The binding site of FilGAP was mapped by following chemical shift changes in the 15N-HSQC NMR spectrum of IgFLNa23 upon addition of a synthetic FilGAP14 peptide, 723EQFFSTFGELTVEP736. This shorter peptide was used instead of FilGAPC32 because it was more soluble and thus better suited for NMR studies. The interaction between IgFLNa23 and FilGAP14 was in the fast-to-intermediate exchange region. Large excess of peptide was needed to obtain clear changes in the 15N-HSQC spectrum, suggesting that the affinity of IgFLNa23-FilGAP14 interaction is weak. Many signals of IgFLNa23 disappeared or divided into multiple peaks in the course of FilGAP14 titration, which made tracking of the chemical shift changes difficult (Figure S3). The disappearance and division of the signals was considered to be an indication of close proximity to the binding site. All affected peaks are located close to the CD-interface of IgFLNa23 (Figure 3B). Due to weakness of the IgFLNa23-FilGAP14 interaction NMR spectroscopic structure determination of the complex turned out to be unfeasible.

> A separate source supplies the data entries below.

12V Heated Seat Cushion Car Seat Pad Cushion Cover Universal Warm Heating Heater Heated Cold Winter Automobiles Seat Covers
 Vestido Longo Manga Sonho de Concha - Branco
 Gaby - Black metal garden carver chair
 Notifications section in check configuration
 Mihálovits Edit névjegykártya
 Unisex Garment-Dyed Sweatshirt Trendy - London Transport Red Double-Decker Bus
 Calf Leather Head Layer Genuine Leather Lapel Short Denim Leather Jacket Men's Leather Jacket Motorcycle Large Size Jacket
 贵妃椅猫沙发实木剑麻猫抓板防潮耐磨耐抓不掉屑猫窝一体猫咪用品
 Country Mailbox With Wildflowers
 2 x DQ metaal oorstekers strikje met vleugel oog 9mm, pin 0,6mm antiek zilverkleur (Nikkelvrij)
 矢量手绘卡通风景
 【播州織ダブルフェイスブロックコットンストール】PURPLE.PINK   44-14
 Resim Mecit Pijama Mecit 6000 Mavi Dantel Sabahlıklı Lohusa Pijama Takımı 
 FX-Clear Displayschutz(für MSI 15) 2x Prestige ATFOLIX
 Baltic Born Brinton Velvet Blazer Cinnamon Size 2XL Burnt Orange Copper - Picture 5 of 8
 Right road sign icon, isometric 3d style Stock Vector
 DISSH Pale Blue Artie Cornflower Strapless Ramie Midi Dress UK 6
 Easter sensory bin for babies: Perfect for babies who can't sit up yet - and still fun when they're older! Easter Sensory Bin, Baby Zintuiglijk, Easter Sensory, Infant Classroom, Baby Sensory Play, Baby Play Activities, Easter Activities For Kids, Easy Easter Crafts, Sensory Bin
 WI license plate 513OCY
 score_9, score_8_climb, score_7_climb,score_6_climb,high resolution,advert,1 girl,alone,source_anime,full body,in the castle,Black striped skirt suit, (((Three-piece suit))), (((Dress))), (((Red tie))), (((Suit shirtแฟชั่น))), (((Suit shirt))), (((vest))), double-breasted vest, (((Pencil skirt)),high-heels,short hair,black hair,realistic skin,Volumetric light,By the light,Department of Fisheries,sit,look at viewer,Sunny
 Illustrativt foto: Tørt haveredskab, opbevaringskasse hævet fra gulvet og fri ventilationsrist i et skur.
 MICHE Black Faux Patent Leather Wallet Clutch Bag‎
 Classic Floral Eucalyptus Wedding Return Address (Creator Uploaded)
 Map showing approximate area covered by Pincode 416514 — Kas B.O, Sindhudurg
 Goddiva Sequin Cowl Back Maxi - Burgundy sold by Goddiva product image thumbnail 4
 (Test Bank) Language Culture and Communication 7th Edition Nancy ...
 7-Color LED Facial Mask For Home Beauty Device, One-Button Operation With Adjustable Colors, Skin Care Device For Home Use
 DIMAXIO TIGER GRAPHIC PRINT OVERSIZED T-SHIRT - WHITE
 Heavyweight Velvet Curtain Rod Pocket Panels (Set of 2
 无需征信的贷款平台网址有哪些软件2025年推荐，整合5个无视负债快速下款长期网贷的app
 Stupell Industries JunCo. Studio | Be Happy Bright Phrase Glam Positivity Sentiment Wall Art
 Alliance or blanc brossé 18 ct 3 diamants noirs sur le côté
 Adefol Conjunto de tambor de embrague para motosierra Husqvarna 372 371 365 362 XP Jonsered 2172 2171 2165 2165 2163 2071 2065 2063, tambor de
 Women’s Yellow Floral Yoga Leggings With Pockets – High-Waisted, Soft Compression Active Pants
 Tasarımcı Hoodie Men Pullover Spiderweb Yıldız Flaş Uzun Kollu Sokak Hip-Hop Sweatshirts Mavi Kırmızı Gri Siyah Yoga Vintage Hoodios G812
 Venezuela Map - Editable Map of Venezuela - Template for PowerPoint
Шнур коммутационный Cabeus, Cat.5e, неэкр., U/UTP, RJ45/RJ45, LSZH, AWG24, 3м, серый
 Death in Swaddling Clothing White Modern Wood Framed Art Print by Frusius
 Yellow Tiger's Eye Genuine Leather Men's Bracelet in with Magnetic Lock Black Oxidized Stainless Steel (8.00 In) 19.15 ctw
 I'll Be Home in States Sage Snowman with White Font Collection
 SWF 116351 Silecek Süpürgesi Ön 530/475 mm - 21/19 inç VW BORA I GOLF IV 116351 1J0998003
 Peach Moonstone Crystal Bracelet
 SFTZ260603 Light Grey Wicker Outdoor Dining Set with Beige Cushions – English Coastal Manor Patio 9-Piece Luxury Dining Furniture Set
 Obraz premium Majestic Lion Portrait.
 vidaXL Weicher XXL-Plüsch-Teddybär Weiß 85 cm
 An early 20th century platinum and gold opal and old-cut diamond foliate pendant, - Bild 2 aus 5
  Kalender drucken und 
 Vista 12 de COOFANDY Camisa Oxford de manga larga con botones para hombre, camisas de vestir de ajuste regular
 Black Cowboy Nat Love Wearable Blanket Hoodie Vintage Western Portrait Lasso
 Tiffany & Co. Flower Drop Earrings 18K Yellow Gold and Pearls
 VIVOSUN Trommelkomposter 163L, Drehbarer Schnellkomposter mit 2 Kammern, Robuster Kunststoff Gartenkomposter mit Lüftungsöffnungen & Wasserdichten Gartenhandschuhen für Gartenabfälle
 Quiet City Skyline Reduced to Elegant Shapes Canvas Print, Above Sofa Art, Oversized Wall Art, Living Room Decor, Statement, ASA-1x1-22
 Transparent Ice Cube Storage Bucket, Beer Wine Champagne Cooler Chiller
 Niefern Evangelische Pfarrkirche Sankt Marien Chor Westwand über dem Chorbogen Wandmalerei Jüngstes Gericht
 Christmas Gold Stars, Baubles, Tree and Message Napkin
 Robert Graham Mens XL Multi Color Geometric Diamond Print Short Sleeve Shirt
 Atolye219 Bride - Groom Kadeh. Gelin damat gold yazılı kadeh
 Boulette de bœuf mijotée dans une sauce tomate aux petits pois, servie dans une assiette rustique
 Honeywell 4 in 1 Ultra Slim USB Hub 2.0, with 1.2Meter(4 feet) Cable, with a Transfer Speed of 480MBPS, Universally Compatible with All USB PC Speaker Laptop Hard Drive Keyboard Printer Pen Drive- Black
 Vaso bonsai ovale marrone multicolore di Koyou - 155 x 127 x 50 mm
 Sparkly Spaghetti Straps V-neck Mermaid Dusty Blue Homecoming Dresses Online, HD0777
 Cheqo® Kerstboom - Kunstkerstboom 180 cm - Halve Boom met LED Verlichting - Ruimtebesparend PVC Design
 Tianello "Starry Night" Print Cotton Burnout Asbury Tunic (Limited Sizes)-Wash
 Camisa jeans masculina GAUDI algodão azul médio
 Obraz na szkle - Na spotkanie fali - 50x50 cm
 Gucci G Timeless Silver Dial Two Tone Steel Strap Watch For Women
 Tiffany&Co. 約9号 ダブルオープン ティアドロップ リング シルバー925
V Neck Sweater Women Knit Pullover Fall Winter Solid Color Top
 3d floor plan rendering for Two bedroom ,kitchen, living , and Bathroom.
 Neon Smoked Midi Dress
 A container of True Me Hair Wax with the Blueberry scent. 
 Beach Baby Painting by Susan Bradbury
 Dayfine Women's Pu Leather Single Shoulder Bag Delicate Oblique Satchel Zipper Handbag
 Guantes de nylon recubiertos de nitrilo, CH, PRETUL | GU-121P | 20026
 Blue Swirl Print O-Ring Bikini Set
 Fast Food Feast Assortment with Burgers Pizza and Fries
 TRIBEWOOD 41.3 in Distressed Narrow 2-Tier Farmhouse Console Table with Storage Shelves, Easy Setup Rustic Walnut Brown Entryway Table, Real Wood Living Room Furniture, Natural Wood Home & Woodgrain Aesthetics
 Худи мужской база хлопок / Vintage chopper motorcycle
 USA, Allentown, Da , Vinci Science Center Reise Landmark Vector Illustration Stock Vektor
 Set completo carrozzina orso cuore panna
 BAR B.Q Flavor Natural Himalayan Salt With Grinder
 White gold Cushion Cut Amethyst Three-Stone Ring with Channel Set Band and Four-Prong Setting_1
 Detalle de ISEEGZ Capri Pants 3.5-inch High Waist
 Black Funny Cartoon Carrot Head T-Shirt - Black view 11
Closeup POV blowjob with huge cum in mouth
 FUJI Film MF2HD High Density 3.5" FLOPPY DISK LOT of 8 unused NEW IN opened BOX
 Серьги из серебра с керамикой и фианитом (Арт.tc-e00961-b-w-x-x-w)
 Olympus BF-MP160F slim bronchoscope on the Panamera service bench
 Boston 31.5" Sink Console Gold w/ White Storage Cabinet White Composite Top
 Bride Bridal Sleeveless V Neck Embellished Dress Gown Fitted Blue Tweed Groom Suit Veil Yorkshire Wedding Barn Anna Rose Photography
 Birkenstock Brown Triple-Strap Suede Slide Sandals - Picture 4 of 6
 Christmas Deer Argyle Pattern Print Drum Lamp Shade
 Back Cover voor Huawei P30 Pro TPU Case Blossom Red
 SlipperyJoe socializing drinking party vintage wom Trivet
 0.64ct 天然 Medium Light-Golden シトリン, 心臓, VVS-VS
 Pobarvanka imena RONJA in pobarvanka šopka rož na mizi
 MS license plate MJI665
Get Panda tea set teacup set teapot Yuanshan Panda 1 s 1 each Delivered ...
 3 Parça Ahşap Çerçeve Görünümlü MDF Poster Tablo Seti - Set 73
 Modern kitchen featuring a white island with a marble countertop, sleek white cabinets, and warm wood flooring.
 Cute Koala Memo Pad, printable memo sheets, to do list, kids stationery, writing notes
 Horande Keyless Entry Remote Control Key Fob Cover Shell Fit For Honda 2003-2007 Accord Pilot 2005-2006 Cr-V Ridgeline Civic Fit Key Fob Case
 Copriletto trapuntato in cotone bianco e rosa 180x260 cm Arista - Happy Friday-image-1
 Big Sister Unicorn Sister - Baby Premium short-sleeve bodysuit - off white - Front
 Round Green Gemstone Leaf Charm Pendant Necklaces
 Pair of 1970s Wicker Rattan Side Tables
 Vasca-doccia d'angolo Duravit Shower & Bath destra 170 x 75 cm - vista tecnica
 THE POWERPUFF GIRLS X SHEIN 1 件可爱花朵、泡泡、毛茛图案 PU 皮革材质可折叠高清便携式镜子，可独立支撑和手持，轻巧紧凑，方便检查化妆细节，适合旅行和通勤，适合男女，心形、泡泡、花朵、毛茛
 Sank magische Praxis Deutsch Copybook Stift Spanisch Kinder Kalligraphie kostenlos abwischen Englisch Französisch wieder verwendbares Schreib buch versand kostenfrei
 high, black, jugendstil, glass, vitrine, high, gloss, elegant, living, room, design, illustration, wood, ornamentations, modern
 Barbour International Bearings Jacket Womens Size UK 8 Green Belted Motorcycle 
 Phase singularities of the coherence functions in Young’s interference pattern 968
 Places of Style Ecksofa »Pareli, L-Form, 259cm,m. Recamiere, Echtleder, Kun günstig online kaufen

In silico model of the IgFLNa23-FilGAP complex

The CD faces of IgFLNa domains are common binding sites in other known filamin interactions, including platelet glycoprotein (GP) Ibα binding to IgFLNa17 [14] and integrin β subunit cytoplasmic tail binding to IgFLNa21 [15], [16]. As FilGAP also interacted with the CD face of IgFLNa23, and the amino acid sequence of FilGAPC32 could be aligned to the β-strand forming filamin-interacting peptides of GPIbα and integrins (Figure 3D), we modeled the FilGAPC32-IgFLNa23 interaction based on the complex between IgFLNa17 and a GPIbα peptide (Figures 3C and S4).

To verify that the interaction site with FilGAP is on the CD face of IgFLNa23 we next mutated the hydrophopic M2474 to negatively charged glutamate. Indeed, the point mutation M2474E in IgFLNa23 abolished the interaction of full length FLNa with recombinant FilGAP C-terminal fragment and with full length FilGAP in vitro as predicted (Figure 4A). However, the mutant filamin fully retained F-actin gelation activity, and its morphology is indistinguishable from wild-type FLNa in electron micrographs (Figure S2). NMR spectra also showed that M2474E IgFLNa23 was fully folded (Figure S5). Thus, this mutation further confirms that also in the context of full length FilGAP and FLNa, the major FilGAP binding site is at the CD face of IgFLNa23.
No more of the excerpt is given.